I have a tendency sometimes to over-describe things in my fiction. To try too hard to paint a picture of a scene with my words. Of course, my honest intent is to provide a richness of detail for the readers, to "put them there," inside the scene with the characters. Sometimes that sort of description is okay. But as I tell my students, too much description can bore the reader, and worse, can slow down the pacing of the story. Not good. Put yourself inside the readers' heads for a moment - are there passages they'd be tempted to skim over quickly, to get back to the "good stuff," (ie, the plot)? If so, TRIM it down.

Sure, there are times and places for rich, elaborate descriptions -- but the descriptions should be vital to the story, to the plot.

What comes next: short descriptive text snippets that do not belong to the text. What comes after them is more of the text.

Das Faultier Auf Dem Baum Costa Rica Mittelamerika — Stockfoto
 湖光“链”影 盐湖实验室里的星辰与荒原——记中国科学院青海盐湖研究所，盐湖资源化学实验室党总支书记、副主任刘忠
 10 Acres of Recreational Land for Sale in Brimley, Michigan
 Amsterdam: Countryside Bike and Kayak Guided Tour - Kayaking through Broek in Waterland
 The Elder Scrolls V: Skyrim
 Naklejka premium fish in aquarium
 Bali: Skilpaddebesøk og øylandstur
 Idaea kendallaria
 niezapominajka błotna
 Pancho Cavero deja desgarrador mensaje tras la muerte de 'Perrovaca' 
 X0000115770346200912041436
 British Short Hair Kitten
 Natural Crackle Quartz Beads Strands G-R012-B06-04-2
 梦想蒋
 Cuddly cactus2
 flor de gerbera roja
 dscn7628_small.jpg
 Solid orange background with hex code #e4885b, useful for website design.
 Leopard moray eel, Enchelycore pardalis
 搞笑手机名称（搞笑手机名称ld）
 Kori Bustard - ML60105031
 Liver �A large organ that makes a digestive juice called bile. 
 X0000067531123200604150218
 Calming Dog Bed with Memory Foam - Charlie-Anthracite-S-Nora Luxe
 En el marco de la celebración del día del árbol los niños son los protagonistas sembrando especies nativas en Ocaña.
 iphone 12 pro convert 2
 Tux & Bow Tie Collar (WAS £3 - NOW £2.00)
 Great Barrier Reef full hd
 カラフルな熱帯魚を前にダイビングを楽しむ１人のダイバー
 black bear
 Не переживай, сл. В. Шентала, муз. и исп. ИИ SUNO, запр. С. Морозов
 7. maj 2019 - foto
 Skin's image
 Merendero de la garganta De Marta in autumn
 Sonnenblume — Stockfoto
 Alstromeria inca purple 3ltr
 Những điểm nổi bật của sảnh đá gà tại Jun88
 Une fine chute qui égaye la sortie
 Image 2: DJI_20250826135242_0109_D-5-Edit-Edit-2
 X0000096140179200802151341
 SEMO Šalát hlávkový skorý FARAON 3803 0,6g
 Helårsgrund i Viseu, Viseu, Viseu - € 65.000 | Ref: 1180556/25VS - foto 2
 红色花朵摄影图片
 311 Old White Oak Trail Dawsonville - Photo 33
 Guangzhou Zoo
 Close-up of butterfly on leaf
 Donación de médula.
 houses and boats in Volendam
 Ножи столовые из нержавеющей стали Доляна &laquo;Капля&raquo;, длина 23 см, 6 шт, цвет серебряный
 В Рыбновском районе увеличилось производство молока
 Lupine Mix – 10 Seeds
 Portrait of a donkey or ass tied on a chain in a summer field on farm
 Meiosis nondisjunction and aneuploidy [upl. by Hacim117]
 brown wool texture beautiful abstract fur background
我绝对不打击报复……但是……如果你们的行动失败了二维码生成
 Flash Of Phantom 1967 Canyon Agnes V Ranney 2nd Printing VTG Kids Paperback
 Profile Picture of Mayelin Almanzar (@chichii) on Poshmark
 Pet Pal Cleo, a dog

Two great quotes to ponder on this issue:

Don't overwrite. Avoid the redundant phrases, the distracting adjectives, the unnecessary adverbs. Beginners, especially, seem to think that writing fiction needs a special kind of flowery prose, completely unlike any sort of language one might encounter in day-to-day life. This is a misapprehension about how the effects of fiction are produced....a deliberately limited vocabulary can produce an astonishing emotional punch. ~Sarah Waters

Description must work for its place. It can't be simply ornamental. It ­usually works best if it has a human element; it is more effective if it comes from an implied viewpoint, rather than from the eye of God. If description is coloured by the viewpoint of the character who is doing the noticing, it becomes, in effect, part of character definition and part of the action. ~Hilary Mantel

Brilliant advice! I hadn't ever looked at description in quite that exact way before -- the idea of seeing description through a character's eyes, or making it valid/important to the character so directly, rather than simply "setting a scene" in a sort of vague, omniscient way.

I love it when I find a quote or idea that changes the way I've looked at something for years. And I hope I can apply the lesson to my own fiction: that less really is more...


  1. > it is more effective if it comes from an implied viewpoint,

    Great advice! That one hits home.

  2. Love that second one... well stated, and clarifying something I have known as a reader, but never could have articulated to someone else.

  3. It's challenge for sure. But I think 'implied' is better.